JPYC, the Tokyo-based issuer behind Japan’s first yen-pegged stablecoin, has said that digital asset companies could become major holders of government bonds as their reserves grow.

JPYC launched its yen-backed stablecoin on October 27 under Japan’s revised Payment Services Act, the nation’s first legal framework for stablecoins.

🇯🇵 Japan will see its first yen-pegged stablecoin go live on Monday, marking a major step toward digital finance as blockchain use moves into the mainstream. #Japan #Stablecoins https://t.co/lBe453KWzH

— Cryptonews.com (@cryptonews) October 27, 2025

The startup has issued roughly $930,000 worth of tokens, with a target circulation of 10 trillion yen ($66 billion) within the next three years.

The tokens are fully convertible to yen and backed by bank deposits and JGBs, designed to move seamlessly across blockchain networks.

JPYC Plans to Invest 80% of Stablecoin Proceeds in Government Bonds

Founder and CEO Noritaka Okabe told Reuters that stablecoin issuers could step into the role traditionally held by the BOJ, which has been tapering its bond purchases after years of aggressive monetary easing.

“With the BOJ tapering bond buying, stablecoin issuers could emerge as the biggest holders of JGBs in the next few years,” Okabe said.

He added that authorities could influence bond duration, but controlling total holdings would be challenging.

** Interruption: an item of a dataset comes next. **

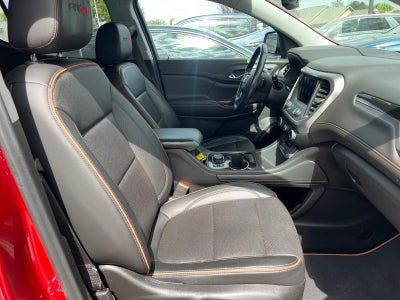 2022 GMC Acadia AT4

Currently, the BOJ is the dominant player in Japan’s JGB market, holding roughly 50% of the 1,055-trillion-yen market, followed by insurance companies and domestic banks. Foreign investors and public pensions account for smaller shares.

Source: MOF

As the BOJ reduces its purchases, there is uncertainty over whether domestic financial institutions, which have trimmed holdings during the ultra-loose policy era, will absorb the new supply, especially as the government issues more debt to fund spending plans.

Okabe suggested that stablecoin issuers could fill this gap, with JPYC planning to invest 80% of its proceeds in JGBs and 20% in bank deposits.

The launch of JPYC comes as Japan embraces digital finance, with cashless payments rising to 42.8% in 2024, up from 13.2% in 2010.

The Financial Services Agency (FSA) has endorsed initiatives to integrate stablecoins into mainstream finance.

On November 7, the FSA officially supported a pilot program under its Payment Innovation Project involving Japan’s three largest banks, Mitsubishi UFJ Financial Group, Sumitomo Mitsui Financial Group, and Mizuho Financial Group.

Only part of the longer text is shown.